Look through the data below and extract, unchanged, the lines from the one that contains "Car Styling 595" to the one that contains "Leerkapseln gelatine 1000 - leerkapseln, |", both included.
[[ Record excerpts, beginning ]]
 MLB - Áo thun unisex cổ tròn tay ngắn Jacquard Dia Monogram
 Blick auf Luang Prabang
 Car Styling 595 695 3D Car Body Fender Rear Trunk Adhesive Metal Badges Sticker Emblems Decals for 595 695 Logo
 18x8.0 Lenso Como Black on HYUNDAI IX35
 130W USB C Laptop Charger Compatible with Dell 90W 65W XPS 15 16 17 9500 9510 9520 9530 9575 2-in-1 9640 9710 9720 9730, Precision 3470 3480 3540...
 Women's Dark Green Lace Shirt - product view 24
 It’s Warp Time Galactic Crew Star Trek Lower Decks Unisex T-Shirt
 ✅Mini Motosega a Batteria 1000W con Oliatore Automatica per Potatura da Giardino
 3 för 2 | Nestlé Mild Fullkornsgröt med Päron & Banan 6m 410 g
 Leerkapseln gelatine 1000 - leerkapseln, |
[[ Record excerpts, end ]]
[[ Record excerpts, beginning ]]
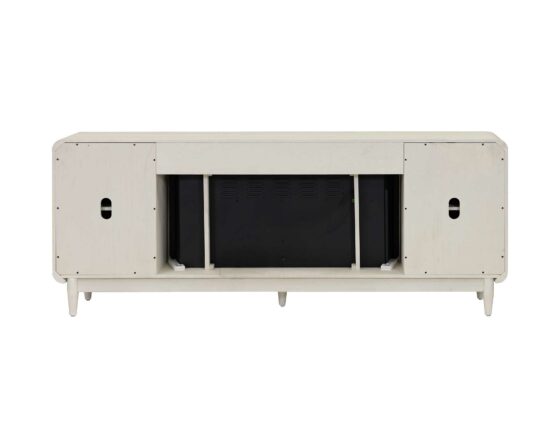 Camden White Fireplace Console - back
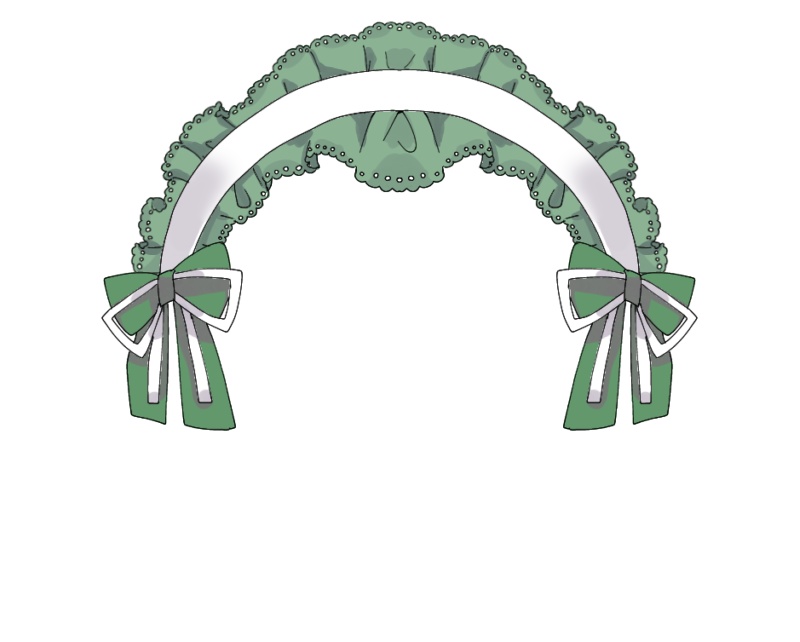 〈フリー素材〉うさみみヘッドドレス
[[ Record excerpts, end ]]
[[ Record excerpts, beginning ]]
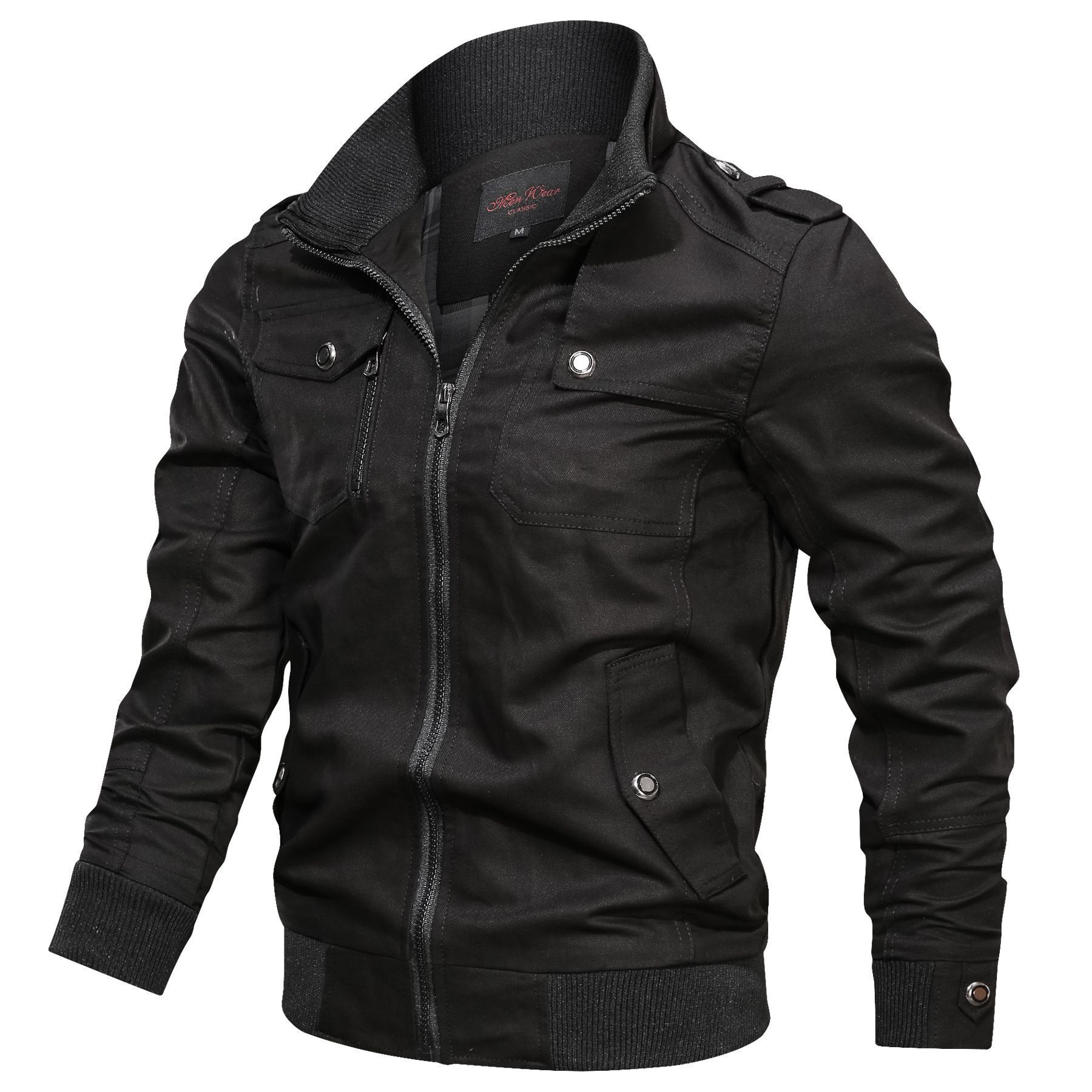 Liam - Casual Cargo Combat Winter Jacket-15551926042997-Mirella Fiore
[[ Record excerpts, end ]]
*Output of the exercise*:
 Car Styling 595 695 3D Car Body Fender Rear Trunk Adhesive Metal Badges Sticker Emblems Decals for 595 695 Logo
 18x8.0 Lenso Como Black on HYUNDAI IX35
 130W USB C Laptop Charger Compatible with Dell 90W 65W XPS 15 16 17 9500 9510 9520 9530 9575 2-in-1 9640 9710 9720 9730, Precision 3470 3480 3540...
 Women's Dark Green Lace Shirt - product view 24
 It’s Warp Time Galactic Crew Star Trek Lower Decks Unisex T-Shirt
 ✅Mini Motosega a Batteria 1000W con Oliatore Automatica per Potatura da Giardino
 3 för 2 | Nestlé Mild Fullkornsgröt med Päron & Banan 6m 410 g
 Leerkapseln gelatine 1000 - leerkapseln, |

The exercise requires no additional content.